Bug #57563 m_gcp_rep_counter ring buffer capacity exceeded
Submitted: 19 Oct 2010 11:17 Modified: 20 Oct 2010 14:25
Reporter: Hartmut Holzgraefe Email Updates:
Status: Closed Impact on me:
Category:MySQL Cluster: Cluster (NDB) storage engine Severity:S2 (Serious)
Version: OS:Linux
Assigned to: Jonas Oreland CPU Architecture:Any

[19 Oct 2010 11:17] Hartmut Holzgraefe
SUMA has a 10 element ring buffer for storing out-of-order SUB_GCP_COMPLETE_REP signals received from LQH upon completion of GCPs.
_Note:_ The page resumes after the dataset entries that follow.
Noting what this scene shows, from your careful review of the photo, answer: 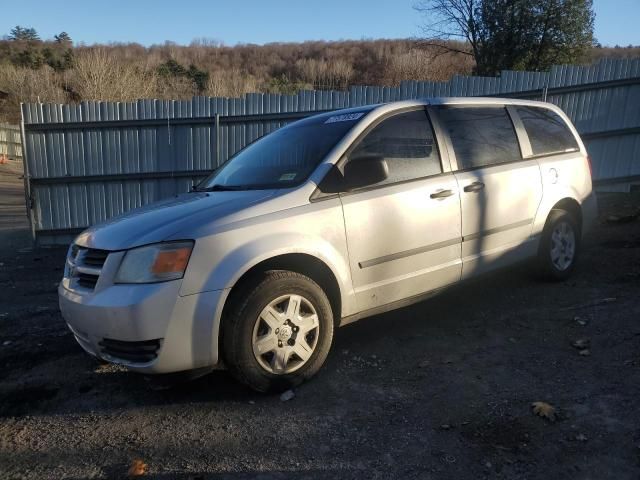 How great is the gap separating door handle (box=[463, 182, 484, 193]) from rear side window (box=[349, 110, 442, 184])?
0.90ft

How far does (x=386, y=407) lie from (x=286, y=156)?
1.96 m

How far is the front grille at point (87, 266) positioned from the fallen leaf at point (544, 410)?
259 cm

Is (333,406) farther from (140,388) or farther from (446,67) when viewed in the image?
(446,67)

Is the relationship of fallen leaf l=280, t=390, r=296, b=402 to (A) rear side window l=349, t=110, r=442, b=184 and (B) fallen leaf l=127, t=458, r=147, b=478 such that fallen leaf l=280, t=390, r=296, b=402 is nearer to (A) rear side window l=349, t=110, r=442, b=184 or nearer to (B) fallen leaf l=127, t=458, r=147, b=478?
(B) fallen leaf l=127, t=458, r=147, b=478

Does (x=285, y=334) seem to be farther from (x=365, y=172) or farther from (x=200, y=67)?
(x=200, y=67)

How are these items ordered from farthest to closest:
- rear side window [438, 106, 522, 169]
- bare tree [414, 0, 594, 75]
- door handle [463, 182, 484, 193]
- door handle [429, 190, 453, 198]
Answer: bare tree [414, 0, 594, 75], rear side window [438, 106, 522, 169], door handle [463, 182, 484, 193], door handle [429, 190, 453, 198]

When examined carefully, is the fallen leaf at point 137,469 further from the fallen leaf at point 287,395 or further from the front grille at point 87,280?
the front grille at point 87,280

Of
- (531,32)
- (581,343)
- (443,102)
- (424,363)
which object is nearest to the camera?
(424,363)

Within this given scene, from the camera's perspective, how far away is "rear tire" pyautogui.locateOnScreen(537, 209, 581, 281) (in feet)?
15.5

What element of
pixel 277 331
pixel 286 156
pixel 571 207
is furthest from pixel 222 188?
pixel 571 207

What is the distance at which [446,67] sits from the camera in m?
30.4

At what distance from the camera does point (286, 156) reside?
385 cm

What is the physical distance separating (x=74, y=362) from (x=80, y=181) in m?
6.29

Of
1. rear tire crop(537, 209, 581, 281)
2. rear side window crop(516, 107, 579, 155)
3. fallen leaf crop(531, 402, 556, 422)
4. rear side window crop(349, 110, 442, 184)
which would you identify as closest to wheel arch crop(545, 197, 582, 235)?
rear tire crop(537, 209, 581, 281)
We've seen an incident now where both nodes of a node group failed with an ndb_require assertion as the ring buffer capacity was exceeded on both nodes at the same time.

How to repeat:
This has so far only been seen to happen once, so there is no clear pattern yet as of what may have lead to this situation.

Suggested fix:
Enforce in-order processing of SUB_GCP_COMPLETE_REP signals so that no ring buffer for storing them when arriving out-of-order is needed anymore. Such a change seems to be possible without having any negative performance impacts.
[20 Oct 2010 7:17] Bugs System
A patch for this bug has been committed. After review, it may
be pushed to the relevant source trees for release in the next
version. You can access the patch from:


3879 Jonas Oreland	2010-10-20
      ndb - bug#57563 - add new tool to ndbmtd thread tool-box: synronize_path() which makes blocks until a message has traversed path given as input. Use this in micro-gcp instead of syncronize_threads_for_blocks() too be sure to avoid starvation even in pathological cases
[20 Oct 2010 7:30] Bugs System
Pushed into mysql-5.1-telco-7.0 5.1.51-ndb-7.0.20 (revid:jonas@mysql.com-20101020071258-mamleyk2226czwe4) (version source revid:jonas@mysql.com-20101020071258-mamleyk2226czwe4) (merge vers: 5.1.51-ndb-7.0.20) (pib:21)
[20 Oct 2010 7:35] Jonas Oreland
pushed to 7.0.20 and 7.1.9
[20 Oct 2010 14:25] Jon Stephens
Documented bugfix in the NDB-7.0.20 and 7.1.9 changelogs as follows:

      The SUMA kernel block has a 10-element ring buffer for storing
      out-of-order SUB_GCP_COMPLETE_REP signals received from the local query
      handlers when global checkpoints are completed. In some cases, exceeding
      the ring buffer capacity on all nodes of a node group at the same time
      caused the node group to fail with an assertion.